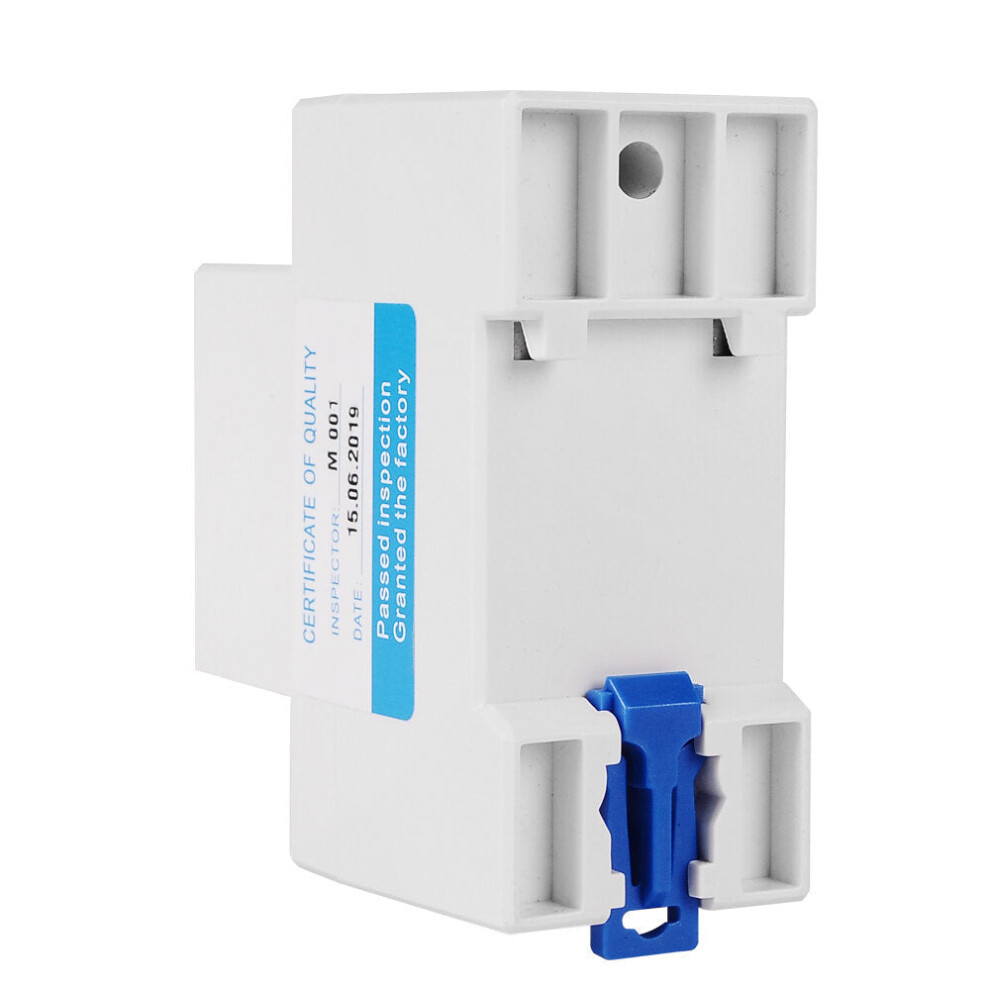 Single Phase Two Wire Lcd Digital Display Wattmeter Power Consumption Energy Electric Meter Kwh Ac 230V 50Hz Electric Din Rail 6112212106761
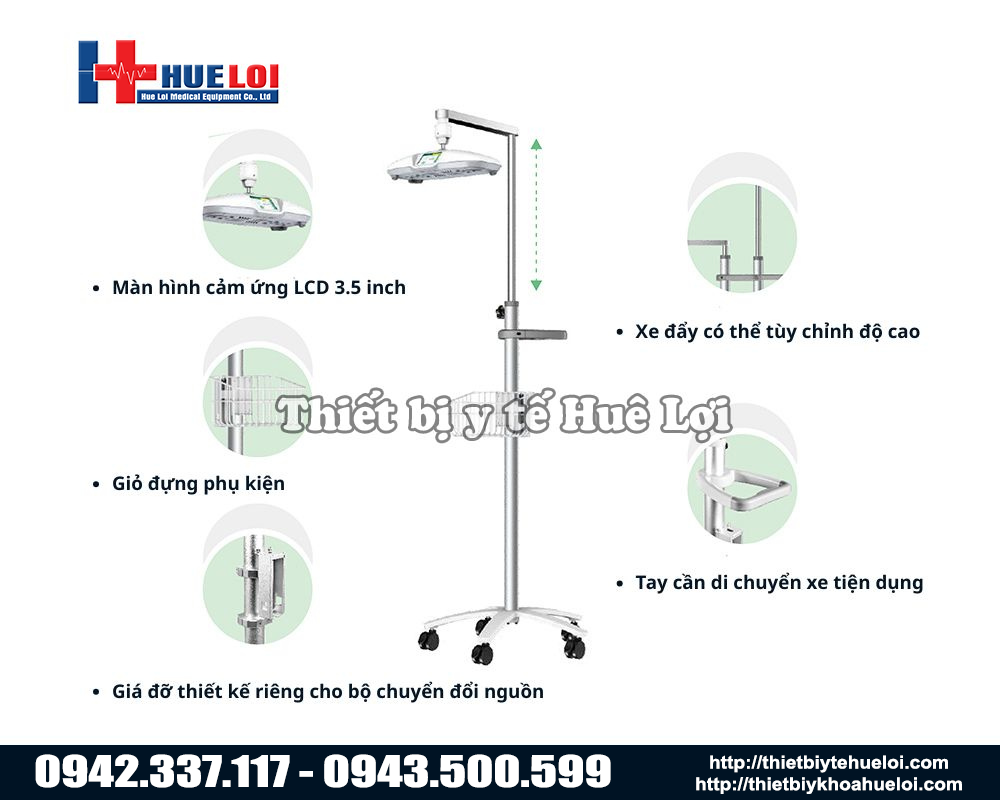 Đèn chiếu điều trị vàng da cho trẻ sơ sinh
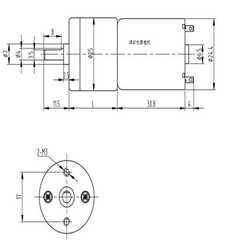 Động cơ mô-tơ GA25-370-12VDC - 1360 vòng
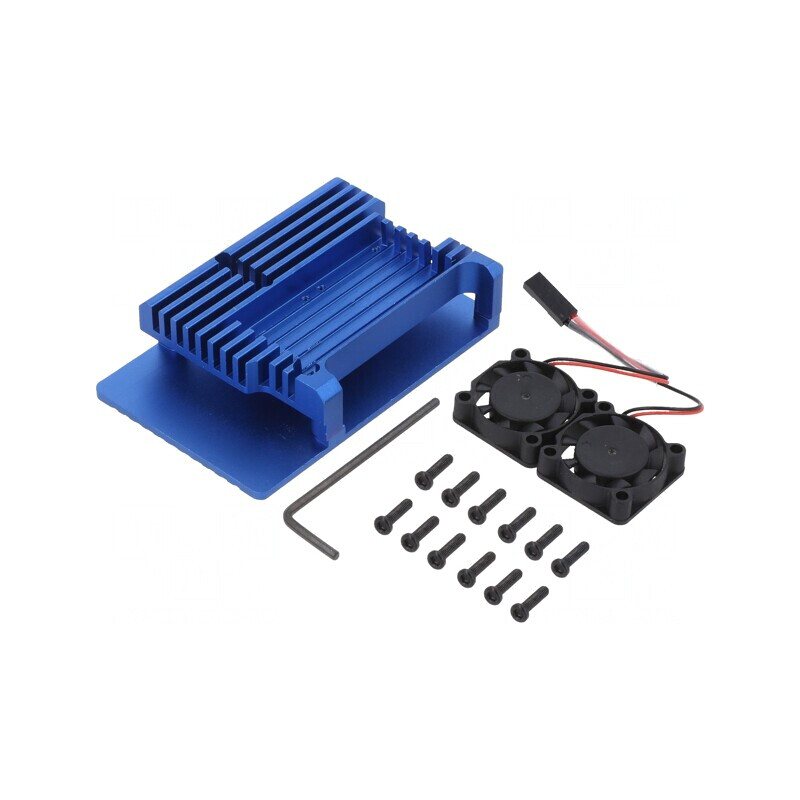 Carcasă Aluminiu Albastru pentru Raspberry Pi 4 B | Electronic-mag.ro | Componente Electronice Carcasă Aluminiu Albastru pentru Raspberry Pi 4 B | Electronic-mag.ro | Componente Electronice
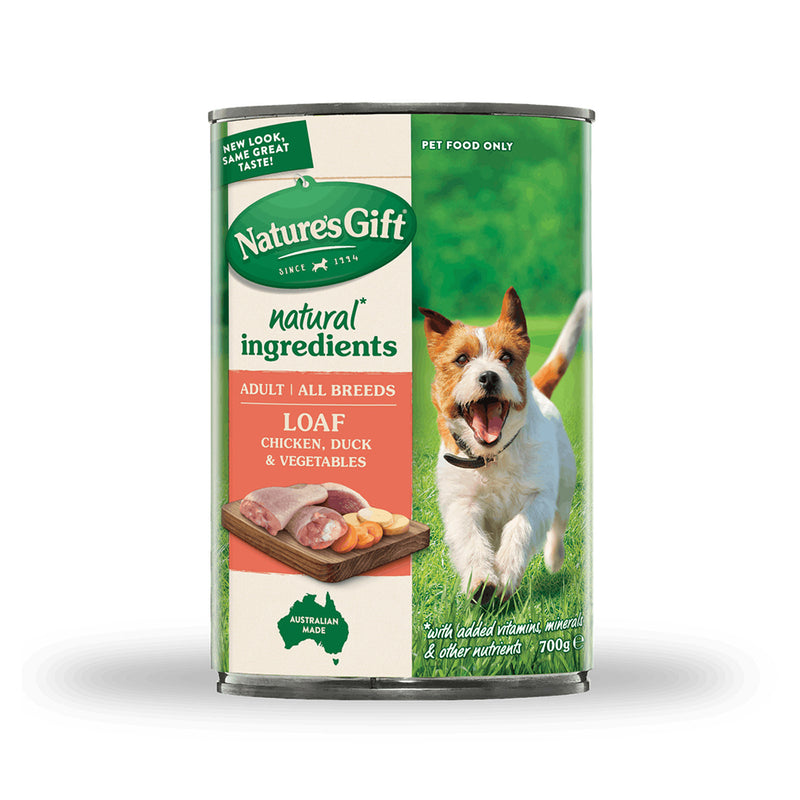 Nature's Gift Dog Duck, Chicken and Vegetables 700g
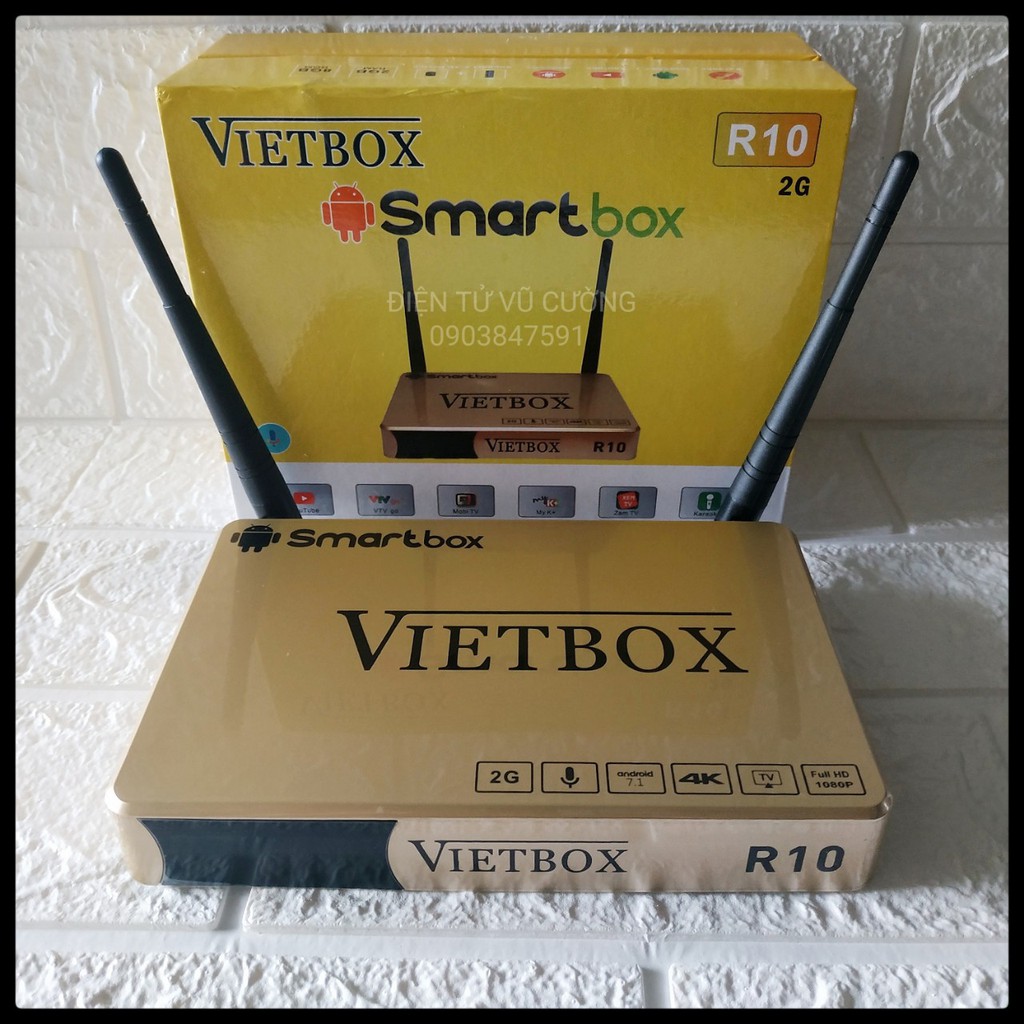 AndroidTV Box VIETBOX R10 RAM 2G | Shopee Việt Nam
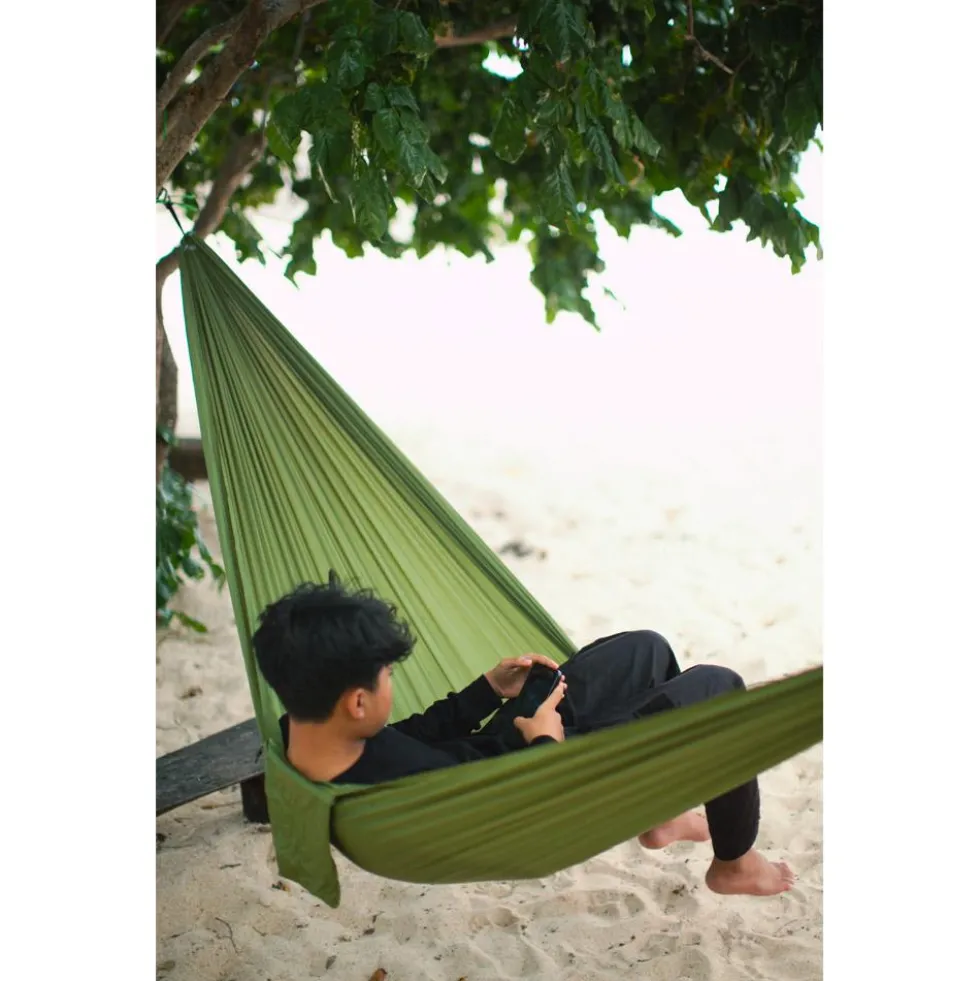 Amache Ticket To The Moon Compact Hammock Leaf Green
___
> INSTRUCTIONS TO FOLLOW
Using the material above, return every line exactly as it appears, minus the pictures.

> OUTPUT
 Single Phase Two Wire Lcd Digital Display Wattmeter Power Consumption Energy Electric Meter Kwh Ac 230V 50Hz Electric Din Rail 6112212106761
 Đèn chiếu điều trị vàng da cho trẻ sơ sinh
 Động cơ mô-tơ GA25-370-12VDC - 1360 vòng
 Carcasă Aluminiu Albastru pentru Raspberry Pi 4 B | Electronic-mag.ro | Componente Electronice Carcasă Aluminiu Albastru pentru Raspberry Pi 4 B | Electronic-mag.ro | Componente Electronice
 Nature's Gift Dog Duck, Chicken and Vegetables 700g
 AndroidTV Box VIETBOX R10 RAM 2G | Shopee Việt Nam
 Amache Ticket To The Moon Compact Hammock Leaf Green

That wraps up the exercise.